Stored data
══════════

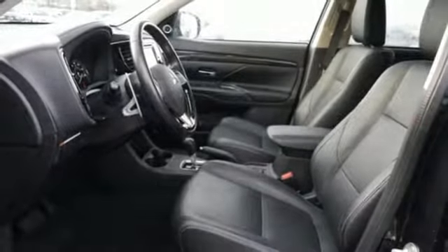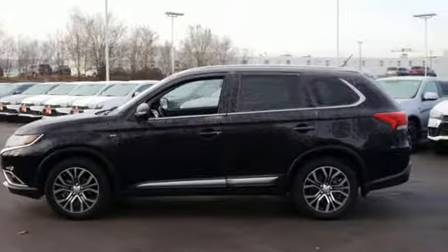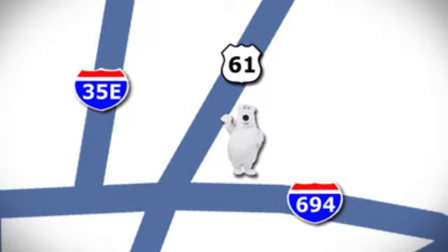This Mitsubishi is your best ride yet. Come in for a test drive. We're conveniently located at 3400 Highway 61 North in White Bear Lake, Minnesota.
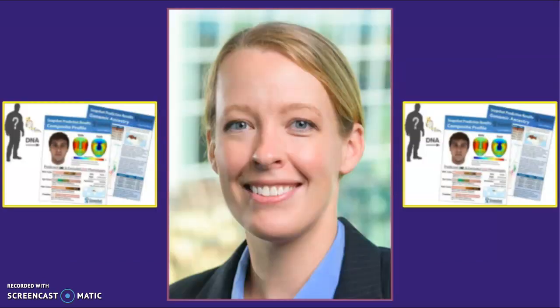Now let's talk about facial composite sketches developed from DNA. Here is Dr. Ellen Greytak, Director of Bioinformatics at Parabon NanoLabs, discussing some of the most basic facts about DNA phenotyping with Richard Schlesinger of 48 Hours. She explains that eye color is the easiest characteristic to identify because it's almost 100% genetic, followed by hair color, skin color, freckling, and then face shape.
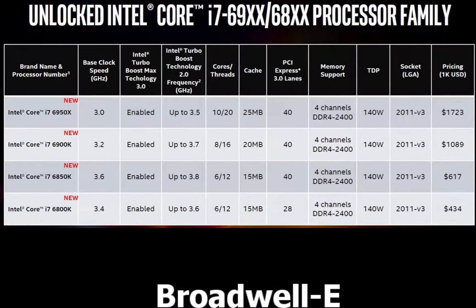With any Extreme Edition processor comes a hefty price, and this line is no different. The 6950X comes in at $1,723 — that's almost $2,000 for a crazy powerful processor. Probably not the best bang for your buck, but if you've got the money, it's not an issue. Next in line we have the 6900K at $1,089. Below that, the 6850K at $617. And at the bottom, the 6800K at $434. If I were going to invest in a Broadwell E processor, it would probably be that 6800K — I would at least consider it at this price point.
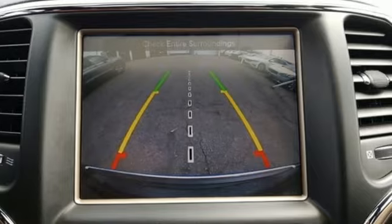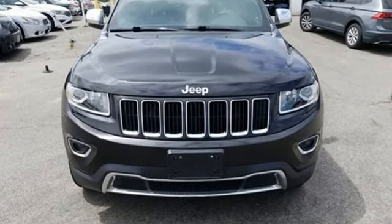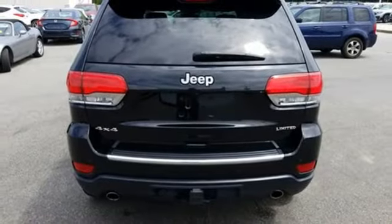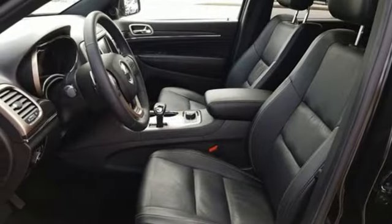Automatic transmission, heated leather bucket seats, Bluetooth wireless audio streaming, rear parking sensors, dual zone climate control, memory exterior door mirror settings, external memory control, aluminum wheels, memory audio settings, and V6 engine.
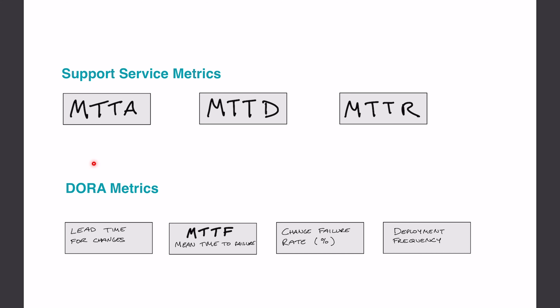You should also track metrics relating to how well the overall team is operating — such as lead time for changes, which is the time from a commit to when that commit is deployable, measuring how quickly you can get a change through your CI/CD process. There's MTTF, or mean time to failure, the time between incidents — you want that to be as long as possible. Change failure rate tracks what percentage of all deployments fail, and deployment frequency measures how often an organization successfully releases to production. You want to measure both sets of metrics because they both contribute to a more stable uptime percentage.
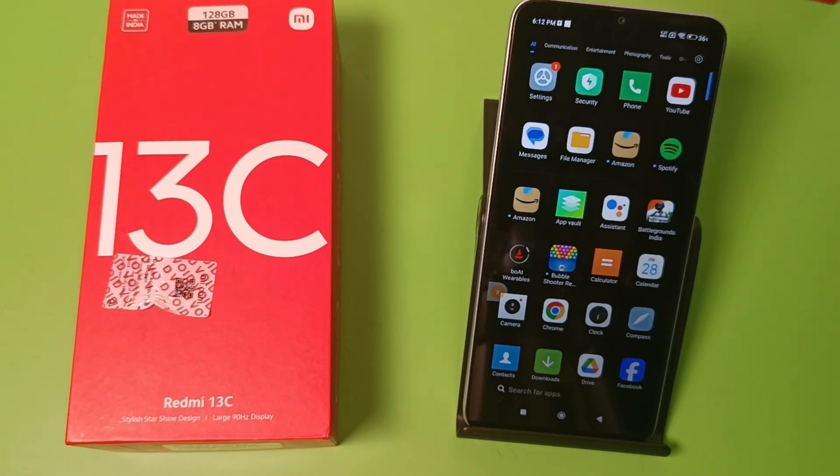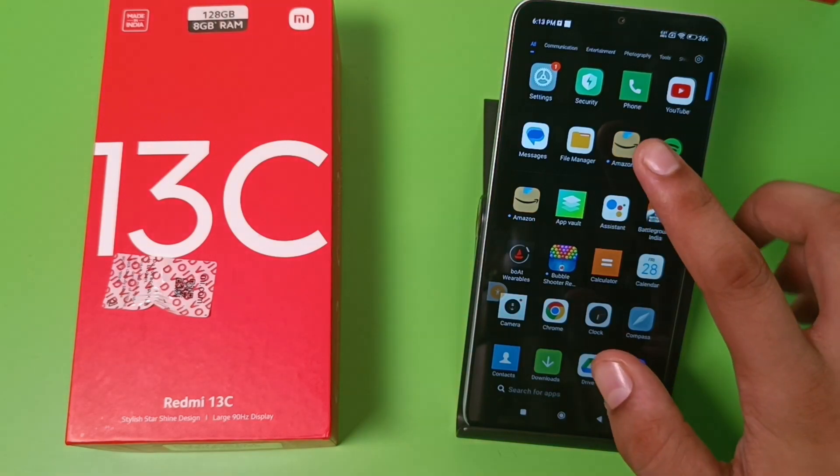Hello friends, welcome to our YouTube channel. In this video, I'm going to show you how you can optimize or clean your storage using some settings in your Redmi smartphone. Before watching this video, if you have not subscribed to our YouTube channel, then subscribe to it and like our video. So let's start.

══════════

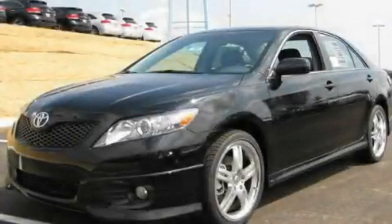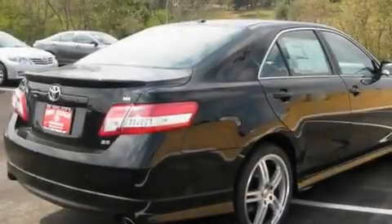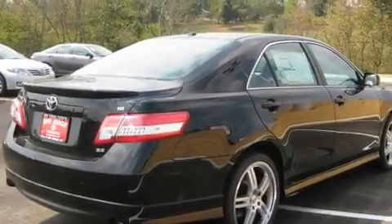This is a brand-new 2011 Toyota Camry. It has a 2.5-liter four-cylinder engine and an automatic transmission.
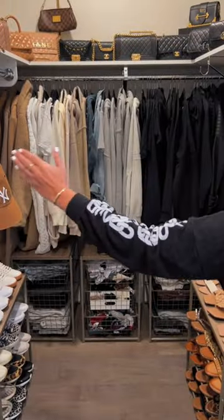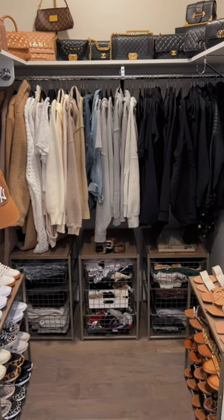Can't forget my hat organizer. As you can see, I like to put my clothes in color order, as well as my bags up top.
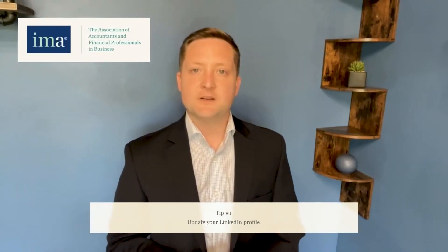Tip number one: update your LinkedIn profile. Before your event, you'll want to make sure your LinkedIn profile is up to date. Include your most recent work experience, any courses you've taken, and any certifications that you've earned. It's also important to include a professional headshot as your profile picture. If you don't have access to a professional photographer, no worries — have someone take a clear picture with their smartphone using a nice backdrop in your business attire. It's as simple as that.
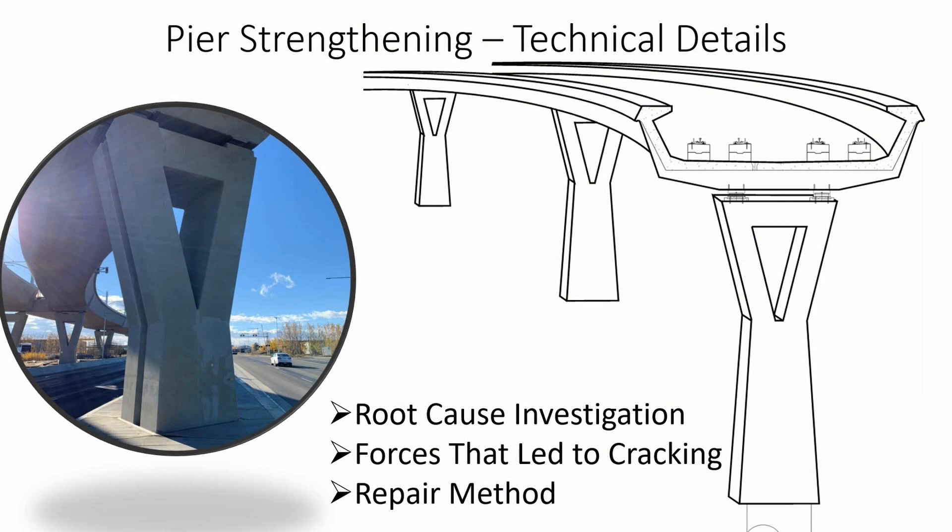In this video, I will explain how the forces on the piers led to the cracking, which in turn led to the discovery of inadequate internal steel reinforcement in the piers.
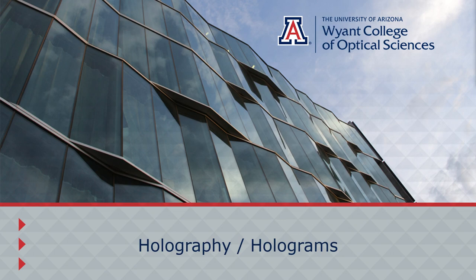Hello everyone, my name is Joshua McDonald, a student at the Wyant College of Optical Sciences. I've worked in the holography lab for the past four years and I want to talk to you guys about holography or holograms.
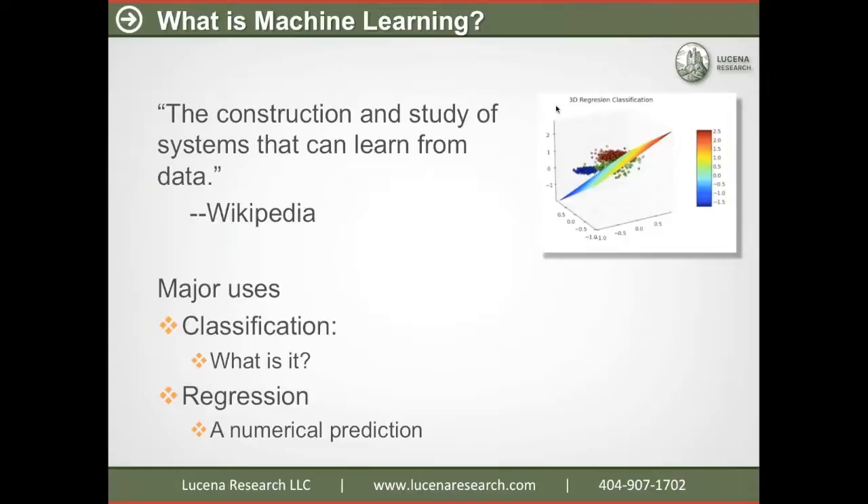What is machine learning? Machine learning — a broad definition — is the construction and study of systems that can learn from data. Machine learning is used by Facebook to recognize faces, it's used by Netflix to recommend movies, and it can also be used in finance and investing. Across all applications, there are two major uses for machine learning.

══════════

▶ What you should do
In the records above, find the line with "This Mitsubishi is" and the line with "With any Extreme"; please transcribe exactly those two lines and all lines between them, omitting any picture.

▶ Solution for this problem
This Mitsubishi is your best ride yet. Come in for a test drive. We're conveniently located at 3400 Highway 61 North in White Bear Lake, Minnesota.
Now let's talk about facial composite sketches developed from DNA. Here is Dr. Ellen Greytak, Director of Bioinformatics at Parabon NanoLabs, discussing some of the most basic facts about DNA phenotyping with Richard Schlesinger of 48 Hours. She explains that eye color is the easiest characteristic to identify because it's almost 100% genetic, followed by hair color, skin color, freckling, and then face shape.
With any Extreme Edition processor comes a hefty price, and this line is no different. The 6950X comes in at $1,723 — that's almost $2,000 for a crazy powerful processor. Probably not the best bang for your buck, but if you've got the money, it's not an issue. Next in line we have the 6900K at $1,089. Below that, the 6850K at $617. And at the bottom, the 6800K at $434. If I were going to invest in a Broadwell E processor, it would probably be that 6800K — I would at least consider it at this price point.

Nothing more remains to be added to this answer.